Archive for the ‘Strathcona Hotel’ Tag

Paris Block – 53 West Hastings Street

In 1907 Hooper and Watkins designed the Eastern Building on West Hastings Street, although there seems to have been a 1908 permit as well.  Although the Statement of Significance on the building says it was initially an apartment building, the 1908 and 1909 Street Directories shows a fur company, replaced a year later by a real estate company on the second floor, along with the Northern Club, and W A Clark, another real estate broker on the third floor. John F Deeks developed the building, but in 1909 Burton & Jackson, props. of the Strathcona Hotel carried out the conversion to a hotel (although Mr Deeks owned the building until at least 1917).
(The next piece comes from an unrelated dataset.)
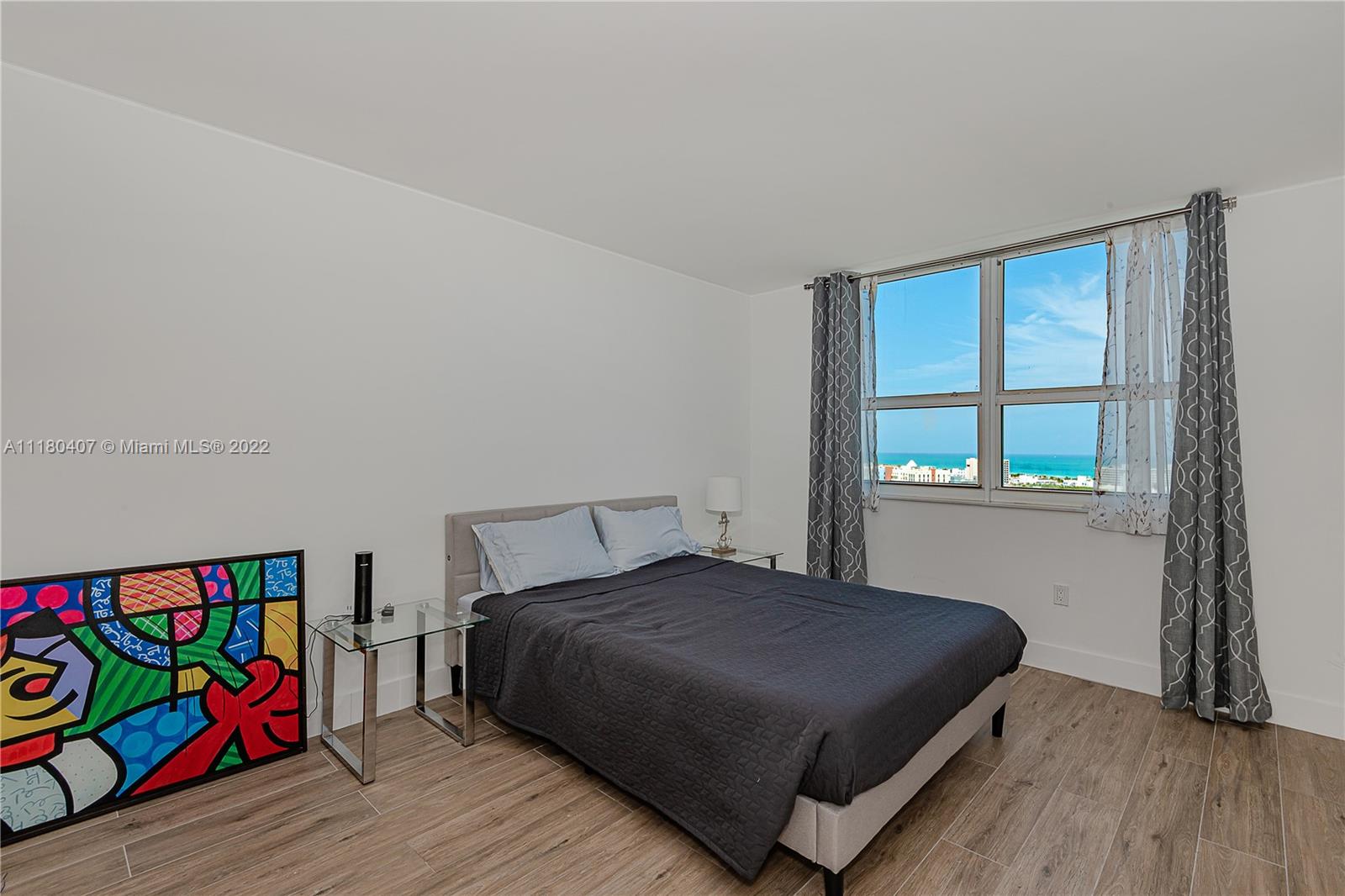 90 Alton Road, Unit 1901 Miami Beach, FL 33139 - Photo 16 of 21 a bedroom with a bed and a window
John and his wife Minnie had been in the city since at least the turn of the century; both coming originally from Ontario (John was born in Morrisburg, and was photographed as a competitive cyclist in the Toronto Wanderers team in 1893). John’s father, George, had been born in England but his mother was also from Ontario. John was born in 1868, 1869 or 1870, depending on which census you look at. The Deeks seem to have had at least two children, Marion, born in 1903 and George who died very soon after his birth in 1905. John was a successful hydraulic miner, finding gold at Pine Creek in Atlin in the early years of the century and selling out to the North Columbia Gold Mining Company in 1904.

In 1909 R T Perry designed $15,000 of alterations to the building for Mr Deeks (a substantial sum in those days, suggesting significant changes to the building). With these changes, by 1910 it had become the Strathcona Hotel, while a shoe store (initially Starks, and later McKeen’s) had the ground floor. Pierre Paris moved into the main floor in 1919, offering “Corrective Footwear Made to Measure” along with high grade shoe repairing. In 1913 W D Woods, obtained a permit to carry out repairs to the hotel. (As Mr Deeks still owned the hotel in 1917, Mr Woods may have been an agent, or possibly another operator of the hotel). It stayed as a hotel for many years; the Paris company closed down in the 1970s (soon after our 1978 image was taken) – although family members are still in the orthotics business elsewhere in the city. John Deeks died in 1935 and Minnie in 1937.

Next door the Miller Block was built-in 1947, and part of the seismic support for the heritage building includes the adjacent new Annex building by Gair Williamson, also by Salient.

As our image here shows, by the early 21st Century the building was in poor condition. Although in theory a Single Room Occupancy Hotel, in practice nobody had lived in the building since 1974. After two other owners, and several false hopes for refurbishment, a permit was issued in 2006 to allow a comprehensive  renovation of the building by Gair Williamson for Salient Developments, completed in 2008. The Acme Cafe moved in downstairs and 29 condo units were created on the upper floors.